'''

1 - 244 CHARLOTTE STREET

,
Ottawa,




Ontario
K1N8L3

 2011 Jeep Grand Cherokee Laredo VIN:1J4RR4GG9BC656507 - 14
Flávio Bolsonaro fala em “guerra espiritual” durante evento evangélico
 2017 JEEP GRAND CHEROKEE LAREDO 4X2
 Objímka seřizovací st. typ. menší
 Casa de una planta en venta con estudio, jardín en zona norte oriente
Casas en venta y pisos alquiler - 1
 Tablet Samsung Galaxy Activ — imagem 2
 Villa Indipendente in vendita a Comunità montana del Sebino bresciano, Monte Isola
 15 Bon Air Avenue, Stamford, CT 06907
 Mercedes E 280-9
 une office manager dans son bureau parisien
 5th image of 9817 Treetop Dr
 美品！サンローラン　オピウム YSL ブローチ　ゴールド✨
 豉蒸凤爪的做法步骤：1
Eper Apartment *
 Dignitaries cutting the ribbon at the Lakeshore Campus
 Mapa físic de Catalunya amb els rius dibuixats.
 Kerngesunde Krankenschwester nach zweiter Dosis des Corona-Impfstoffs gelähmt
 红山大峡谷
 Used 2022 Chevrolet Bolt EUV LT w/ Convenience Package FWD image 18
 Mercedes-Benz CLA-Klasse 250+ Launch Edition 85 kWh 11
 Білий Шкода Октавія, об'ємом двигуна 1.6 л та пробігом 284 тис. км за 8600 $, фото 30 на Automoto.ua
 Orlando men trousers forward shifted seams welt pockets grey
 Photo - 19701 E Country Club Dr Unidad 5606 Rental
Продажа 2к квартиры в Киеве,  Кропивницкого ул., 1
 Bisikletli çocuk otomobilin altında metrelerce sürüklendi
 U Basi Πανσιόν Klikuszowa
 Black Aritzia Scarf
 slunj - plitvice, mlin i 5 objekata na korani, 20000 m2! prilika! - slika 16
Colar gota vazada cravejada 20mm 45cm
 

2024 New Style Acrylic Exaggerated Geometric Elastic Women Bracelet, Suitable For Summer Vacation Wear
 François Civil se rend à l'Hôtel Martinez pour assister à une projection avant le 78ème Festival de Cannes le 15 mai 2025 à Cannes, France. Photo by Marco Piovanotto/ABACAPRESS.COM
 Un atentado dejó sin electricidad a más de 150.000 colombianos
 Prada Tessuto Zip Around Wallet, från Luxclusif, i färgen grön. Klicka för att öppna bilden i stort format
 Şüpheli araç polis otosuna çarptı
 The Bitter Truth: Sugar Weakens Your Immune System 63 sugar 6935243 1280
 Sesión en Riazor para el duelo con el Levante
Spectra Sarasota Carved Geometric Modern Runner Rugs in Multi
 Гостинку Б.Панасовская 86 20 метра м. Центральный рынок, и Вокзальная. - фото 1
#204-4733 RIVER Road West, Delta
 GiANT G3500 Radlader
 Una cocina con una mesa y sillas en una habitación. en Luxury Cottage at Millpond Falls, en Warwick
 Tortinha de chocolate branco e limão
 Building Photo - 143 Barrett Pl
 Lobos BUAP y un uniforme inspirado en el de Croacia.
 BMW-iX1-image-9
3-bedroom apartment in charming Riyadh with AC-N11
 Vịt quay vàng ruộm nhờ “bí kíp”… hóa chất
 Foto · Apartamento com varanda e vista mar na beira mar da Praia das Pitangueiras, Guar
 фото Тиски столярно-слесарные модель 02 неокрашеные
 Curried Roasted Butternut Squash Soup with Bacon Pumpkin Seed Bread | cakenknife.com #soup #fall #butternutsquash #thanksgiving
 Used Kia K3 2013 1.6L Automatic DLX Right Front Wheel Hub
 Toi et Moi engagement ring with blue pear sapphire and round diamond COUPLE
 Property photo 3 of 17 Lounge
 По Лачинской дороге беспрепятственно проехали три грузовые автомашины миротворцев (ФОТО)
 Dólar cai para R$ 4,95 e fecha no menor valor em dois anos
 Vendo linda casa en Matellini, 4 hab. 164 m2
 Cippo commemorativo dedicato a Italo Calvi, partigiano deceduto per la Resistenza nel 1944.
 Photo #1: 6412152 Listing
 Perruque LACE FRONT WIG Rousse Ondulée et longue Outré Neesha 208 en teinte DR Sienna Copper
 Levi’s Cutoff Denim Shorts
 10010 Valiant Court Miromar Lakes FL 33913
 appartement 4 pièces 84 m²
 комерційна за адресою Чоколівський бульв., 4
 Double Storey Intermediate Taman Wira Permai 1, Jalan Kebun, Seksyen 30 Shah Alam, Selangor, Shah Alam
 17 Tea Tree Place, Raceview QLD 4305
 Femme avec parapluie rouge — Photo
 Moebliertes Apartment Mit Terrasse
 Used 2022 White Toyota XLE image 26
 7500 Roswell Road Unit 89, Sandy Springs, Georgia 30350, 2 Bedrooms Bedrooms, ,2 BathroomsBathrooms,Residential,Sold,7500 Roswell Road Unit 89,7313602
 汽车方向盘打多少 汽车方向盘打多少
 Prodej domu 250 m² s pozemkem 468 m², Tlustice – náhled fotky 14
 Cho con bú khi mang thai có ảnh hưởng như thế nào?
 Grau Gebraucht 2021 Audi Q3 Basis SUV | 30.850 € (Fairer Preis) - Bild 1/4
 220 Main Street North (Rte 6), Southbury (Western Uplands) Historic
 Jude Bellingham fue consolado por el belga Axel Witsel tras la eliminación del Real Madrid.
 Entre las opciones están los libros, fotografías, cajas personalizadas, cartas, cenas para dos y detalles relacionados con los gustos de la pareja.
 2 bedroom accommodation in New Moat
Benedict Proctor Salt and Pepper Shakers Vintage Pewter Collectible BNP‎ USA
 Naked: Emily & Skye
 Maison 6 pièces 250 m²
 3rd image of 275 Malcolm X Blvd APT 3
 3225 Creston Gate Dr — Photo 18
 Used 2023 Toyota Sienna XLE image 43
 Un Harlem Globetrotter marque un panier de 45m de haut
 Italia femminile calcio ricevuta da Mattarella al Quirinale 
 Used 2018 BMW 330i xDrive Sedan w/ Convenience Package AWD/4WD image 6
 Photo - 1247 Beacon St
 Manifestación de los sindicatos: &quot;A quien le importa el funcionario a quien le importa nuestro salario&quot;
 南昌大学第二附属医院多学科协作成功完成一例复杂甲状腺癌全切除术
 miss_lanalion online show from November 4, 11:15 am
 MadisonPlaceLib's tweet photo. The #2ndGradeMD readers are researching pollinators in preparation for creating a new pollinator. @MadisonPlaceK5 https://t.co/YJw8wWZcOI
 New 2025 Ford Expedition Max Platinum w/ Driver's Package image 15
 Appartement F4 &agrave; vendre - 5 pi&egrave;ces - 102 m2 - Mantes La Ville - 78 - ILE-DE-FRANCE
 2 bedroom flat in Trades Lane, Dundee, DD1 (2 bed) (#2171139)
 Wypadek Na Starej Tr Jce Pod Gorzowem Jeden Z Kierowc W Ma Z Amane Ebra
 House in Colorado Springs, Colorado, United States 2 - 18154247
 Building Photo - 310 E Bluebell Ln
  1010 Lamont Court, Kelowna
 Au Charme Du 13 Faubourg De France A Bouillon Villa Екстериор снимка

'''

■ What you have to do
Looking at the entries above, can you reproduce exactly the lines from the one that holds "Cippo commemorativo dedicato" through the one that holds "Italia femminile calcio", and only those?

■ Answer section
 Cippo commemorativo dedicato a Italo Calvi, partigiano deceduto per la Resistenza nel 1944.
 Photo #1: 6412152 Listing
 Perruque LACE FRONT WIG Rousse Ondulée et longue Outré Neesha 208 en teinte DR Sienna Copper
 Levi’s Cutoff Denim Shorts
 10010 Valiant Court Miromar Lakes FL 33913
 appartement 4 pièces 84 m²
 комерційна за адресою Чоколівський бульв., 4
 Double Storey Intermediate Taman Wira Permai 1, Jalan Kebun, Seksyen 30 Shah Alam, Selangor, Shah Alam
 17 Tea Tree Place, Raceview QLD 4305
 Femme avec parapluie rouge — Photo
 Moebliertes Apartment Mit Terrasse
 Used 2022 White Toyota XLE image 26
 7500 Roswell Road Unit 89, Sandy Springs, Georgia 30350, 2 Bedrooms Bedrooms, ,2 BathroomsBathrooms,Residential,Sold,7500 Roswell Road Unit 89,7313602
 汽车方向盘打多少 汽车方向盘打多少
 Prodej domu 250 m² s pozemkem 468 m², Tlustice – náhled fotky 14
 Cho con bú khi mang thai có ảnh hưởng như thế nào?
 Grau Gebraucht 2021 Audi Q3 Basis SUV | 30.850 € (Fairer Preis) - Bild 1/4
 220 Main Street North (Rte 6), Southbury (Western Uplands) Historic
 Jude Bellingham fue consolado por el belga Axel Witsel tras la eliminación del Real Madrid.
 Entre las opciones están los libros, fotografías, cajas personalizadas, cartas, cenas para dos y detalles relacionados con los gustos de la pareja.
 2 bedroom accommodation in New Moat
Benedict Proctor Salt and Pepper Shakers Vintage Pewter Collectible BNP‎ USA
 Naked: Emily & Skye
 Maison 6 pièces 250 m²
 3rd image of 275 Malcolm X Blvd APT 3
 3225 Creston Gate Dr — Photo 18
 Used 2023 Toyota Sienna XLE image 43
 Un Harlem Globetrotter marque un panier de 45m de haut
 Italia femminile calcio ricevuta da Mattarella al Quirinale 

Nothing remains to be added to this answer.